透明质酸(hyaluronic acid, HA)是由N-乙酰氨基葡萄糖(N-acetylglucosamine, GlcNAc)和D-葡萄糖醛酸(D-glucuronic acid, GlcA)重复二糖组成的一种线性糖胺聚糖,与HA特定蛋白质TSG6或细胞膜受体CD44、RHAMM、HARE和TLR4/2相互作用,调节机体生长发育、细胞存活和炎症反应[1],主要存在于皮肤真皮层、眼玻璃体液、滑膜关节液、关节软骨和中枢神经系统等,具有高黏弹性,能维持皮肤弹性和保持皮肤水分、减少关节摩擦、调节眼压和参与神经元网的形成的作用[2]。在健康个体中,HA的合成和降解处于一种动态平衡中。随着机体的衰老,体内HA的合成减少,降解增加,导致体内HA总含量下降[3-4],随之带来一系列年龄相关问题,如眼花、皮肤老化、关节功能退化及僵硬、大脑记忆功能衰退等。因此增加相关部位HA的含量,可延缓机体的衰老症状。
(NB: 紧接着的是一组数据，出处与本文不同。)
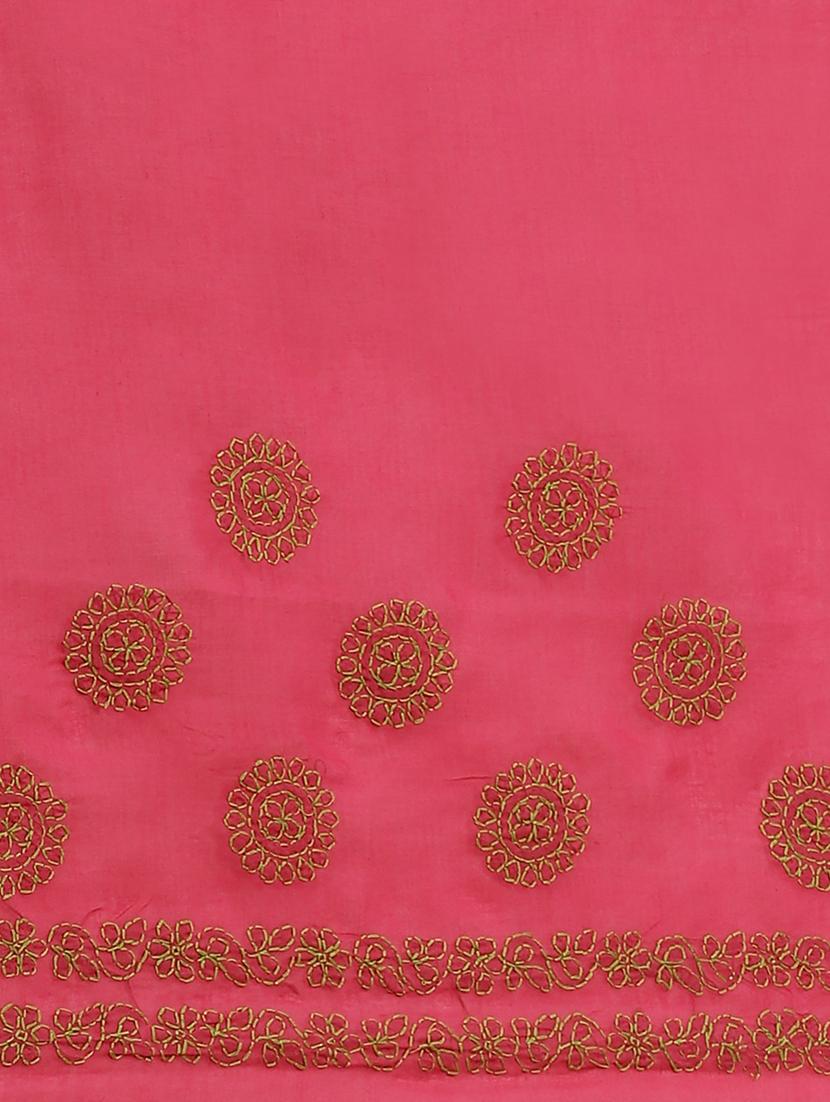floral motifs chikankari saree with blouse - 17522327 - Standard Image - 4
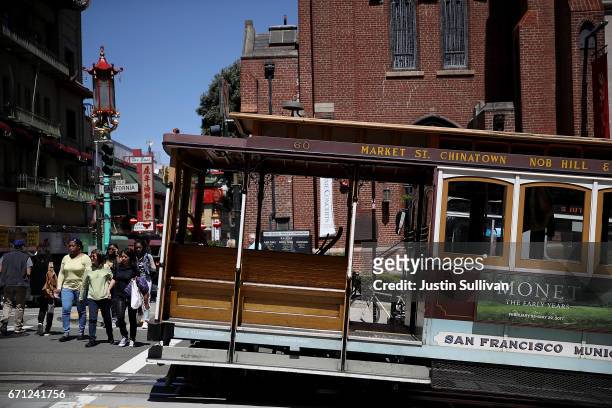 Cable Car sits idle during a citywide power outage on April 21, 2017 in San Francisco, California. Nearly 100,000 Pacific Gas and Electric customers...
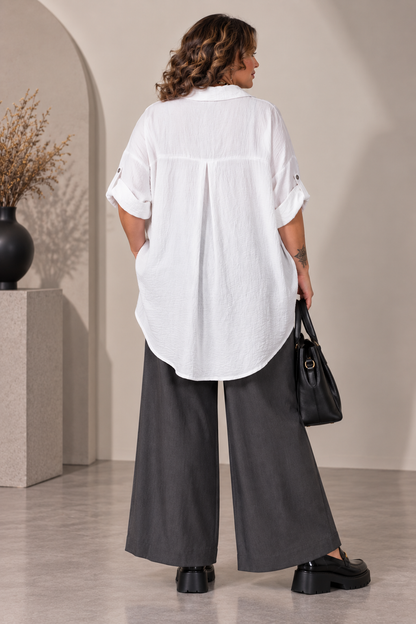 Chemisier blanc ou noir en viscose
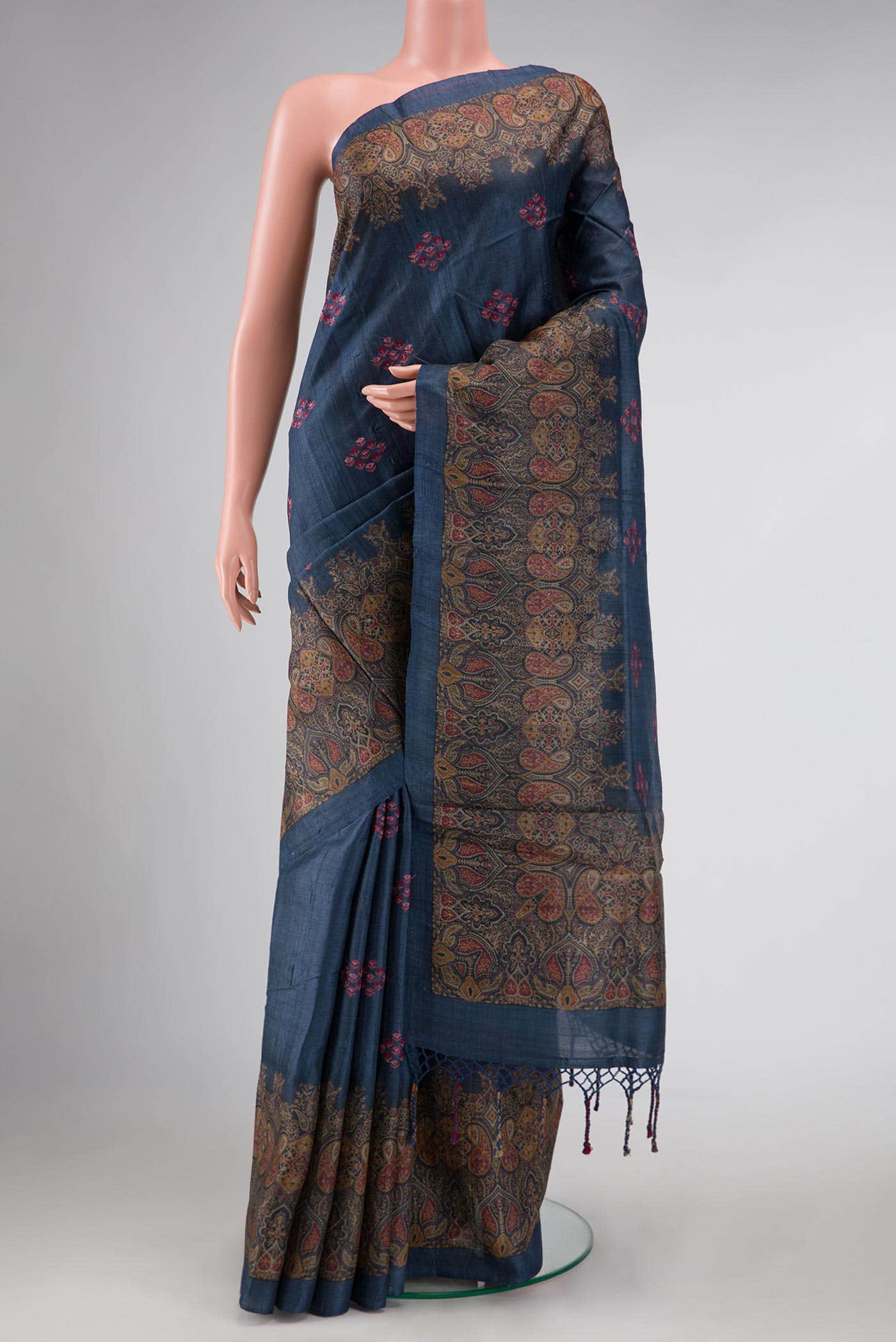 Blue Tussar Silk Saree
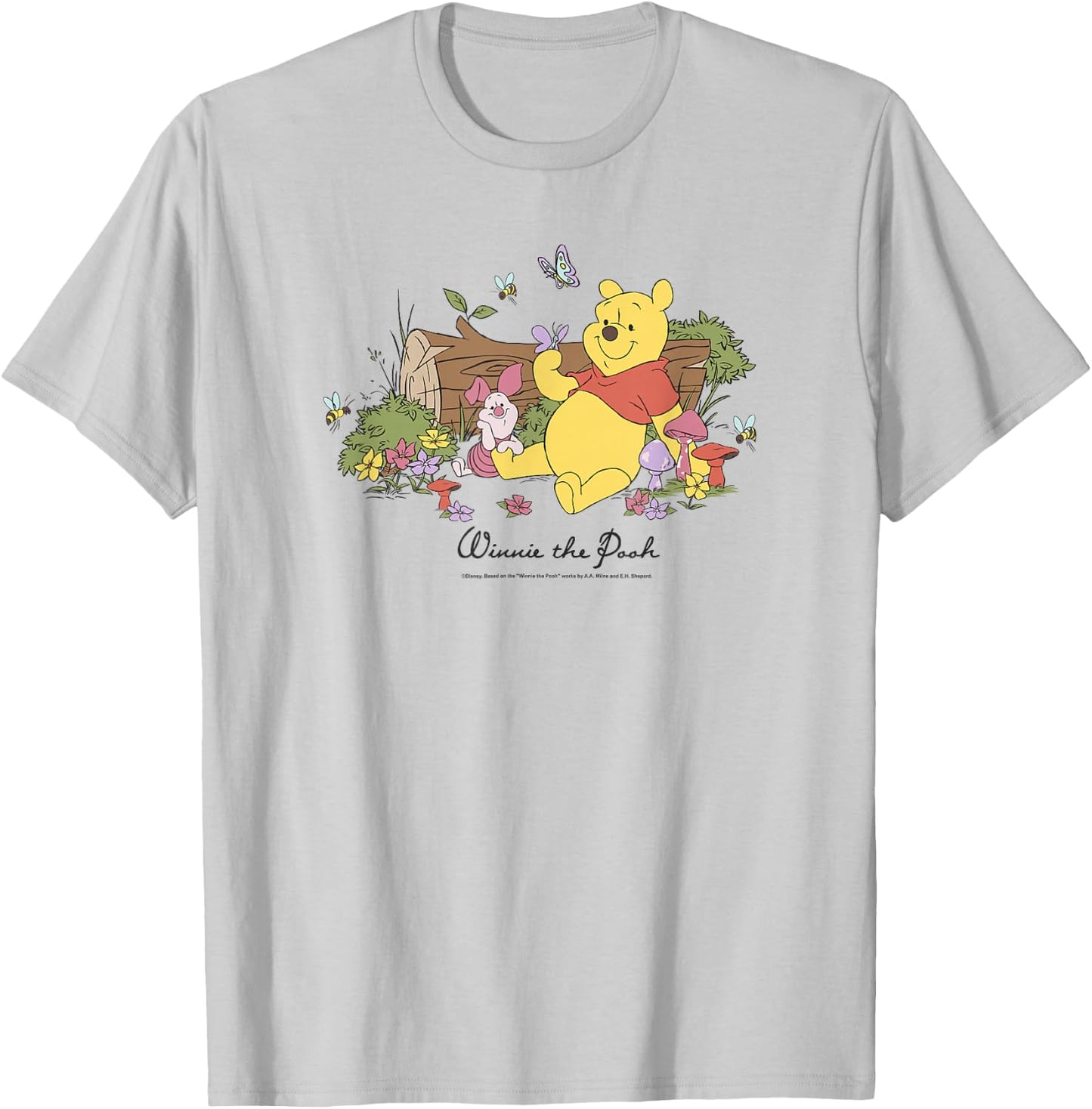Disney Winnie The Pooh Piglet and Pooh Floral Butterfly Small T-Shirt - T-Shirt | Ash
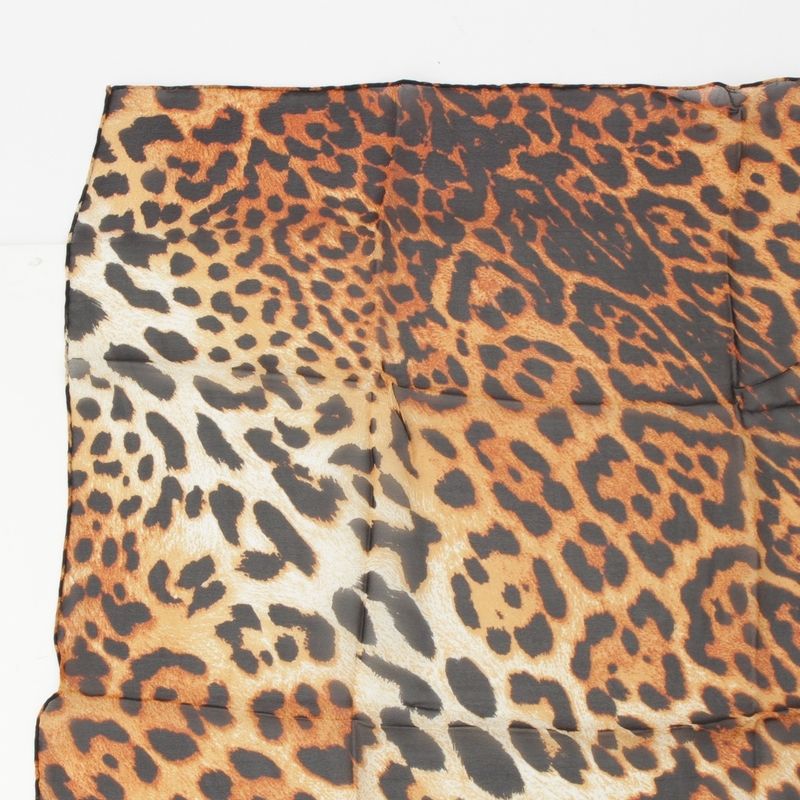 Christian Dior 2004 Silk John Galliano Period Leopard Logo Embroidered Scarf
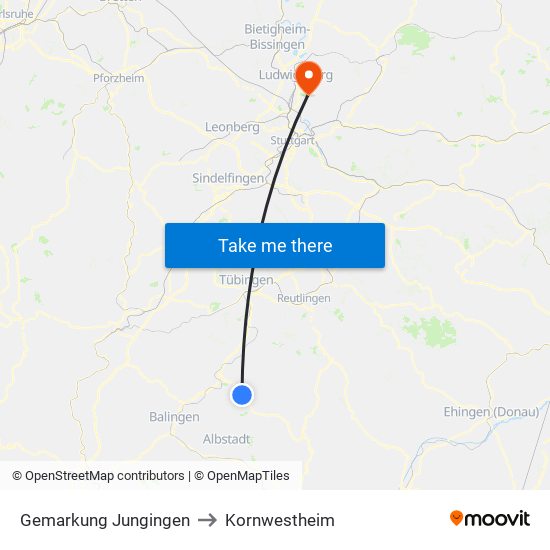 Gemarkung Jungingen to Kornwestheim map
口服外源性HA是目前增加组织部位HA含量的常用手段,但口服HA吸收利用率较低。一项研究发现大鼠口服99mTc-HA后粪便HA的排泄量达到92.3%[4]。口服125I-HA的动物实验表明在2 h内胃和小肠的放射性降低,而大肠的放射性升高,同时组织的放射性也较低,说明HA较难从胃肠道吸收[5]。此外,HA的半衰期约为1~1.5 d,外源性HA进入体内迅速经HA酶降解后多数被排泄,难以持续有效地在组织部位发挥功效[6]。针对上述问题,有研究者将注意力从外源摄入HA转移到促进内源HA合成上,以实现体内HA含量增加。后生元是一种由灭活益生菌制备的新型微生态制剂,比益生菌更具安全性和稳定性,也更易生产和贮存[7],其成分主要有肽聚糖、胞外多糖、磷壁酸、细菌素和有机酸等[8],研究发现一些由植物乳植杆菌制备的后生元具备促进HA合成的能力,例如,热灭活的植物乳植杆菌L-137处理BALB/3T3成纤维细胞可提高HA含量和透明质酸合成酶2(hyaluronic acid synthase, HAS2)mRNA表达[9],由植物乳植杆菌K8制备的后生元促进了HaCaT细胞的HA含量和并上调了HAS2 mRNA表达[10]。但是植物乳植杆菌对HA合成研究多数仅限于细胞实验,缺乏体内HA的合成数据,本研究通过向小鼠注射D-半乳糖建立衰老模型,探讨植物乳植杆菌CCFM1296及其制备的后生元对小鼠组织中HA合成的影响,并进一步分析了其对抗衰老的效果,为开发调控宿主HA含量和抗衰老的益生菌产品提供参考。
1 材料与方法
1.1 实验材料
1.1.1 实验试剂
植物乳植杆菌CCFM1295、植物乳植杆菌CCFM1296、植物乳植杆菌CCFM1297均来自江南大学食品生物技术保藏中心(江苏无锡)。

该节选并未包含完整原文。